Os moradores do Jardim União da Vitória, Zona Sul de Londrina, estão preocupados com a interrupção da duplicação da Avenida Guilherme de Almeida até a entrada do bairro. Segundo o vendedor de caldo de cana Antônio Gomes da Silva, de 47 anos, a informação na prefeitura seria que a obra duraria no máximo 15 dias, mas há oito meses está parada. ''Eles quebraram toda a passarela que os pedestres usavam e agora está tudo largado'', disse o vendedor.
Silva contou que durante seis anos ele trabalhou nesta pequena passarela improvisada do lado direito da avenida, mas após o início duplicação teve que encontrar um novo ponto. ''Lá tinha árvores, agora fico escondido. Além disso, quando chove não tenho como trabalhar porque o novo lugar fica cheio de lama'', relatou. O barro também é a maior reclamação dos estudantes que precisam percorrer a via até chegar aos colégios. ''Ou a gente enfrenta a lama, ou vai pela rua mesmo'', contou a estudante Critiane Santana, de 18 anos.

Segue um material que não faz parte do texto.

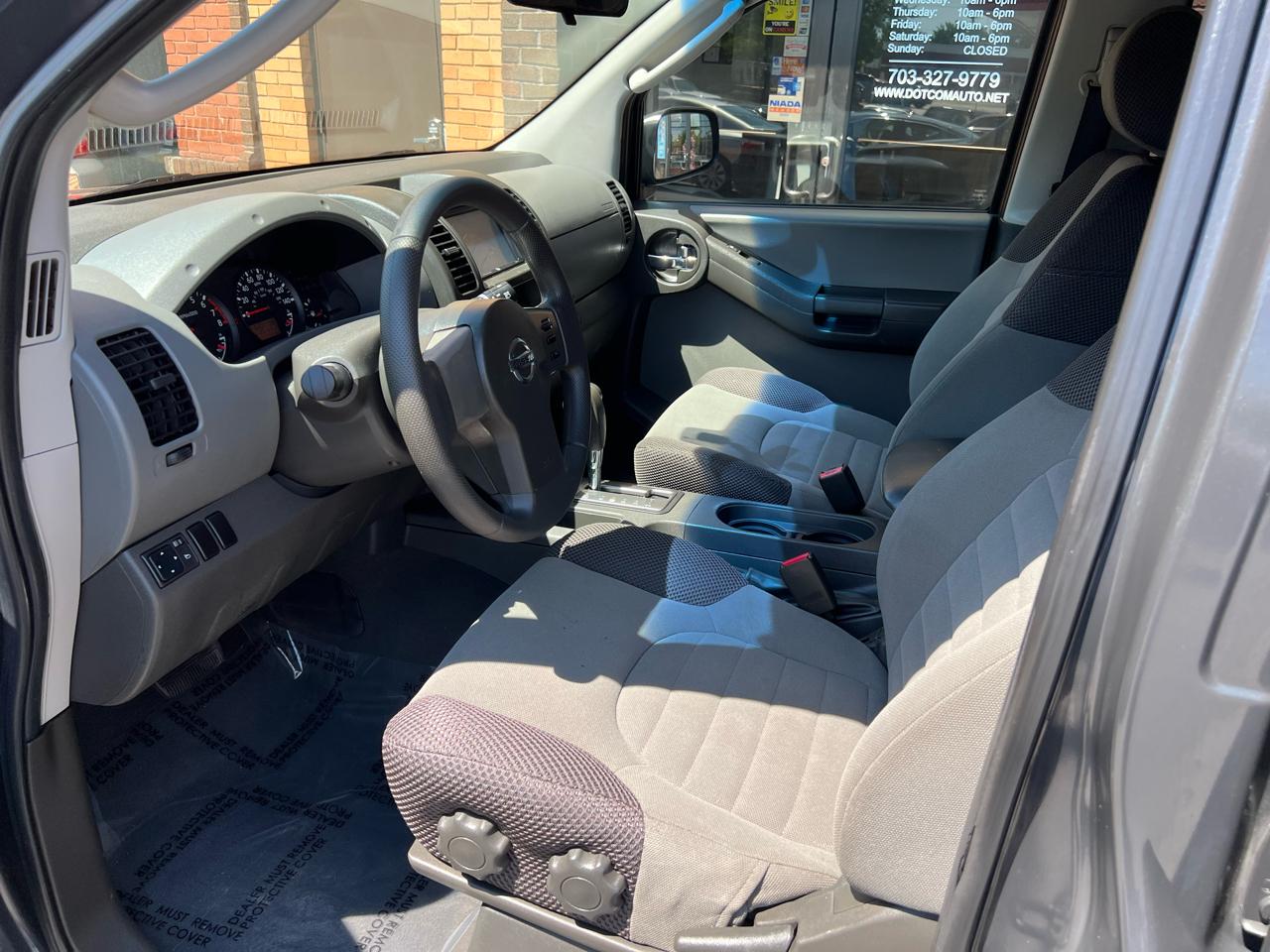 Nissan Xterra 4dr S 4WD V6 Auto 2006
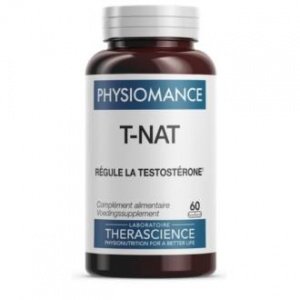 Physiomance T-Nat 60Vcap. – THERASCIENCE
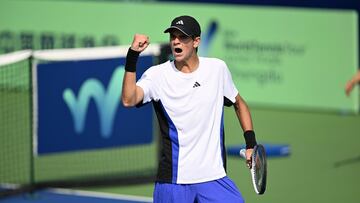 Rafael Jodar, en Chengdú.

Segundo informações de vários moradores da região, três pessoas foram atropeladas nos últimos meses no local. ''Espero que eles arrumem antes que aconteça de novo'', disse Silva, lembrando que perdeu uma filha há alguns anos por atropelamento. ''Hoje tem um quebra-molas no lugar em que ela morreu. Mas agora ela não volta'', lamentou.
De acordo com o secretário municipal de Obras, Aloysio Crescentini de Freitas, a responsabilidade sobre a pavimentação é do loteador da área, o vereador João Dib Abussafi Filho (PMDB). ''O que devemos fazer é fiscalizar'', declarou Freitas. O loteador tem dois anos para concluir a obra.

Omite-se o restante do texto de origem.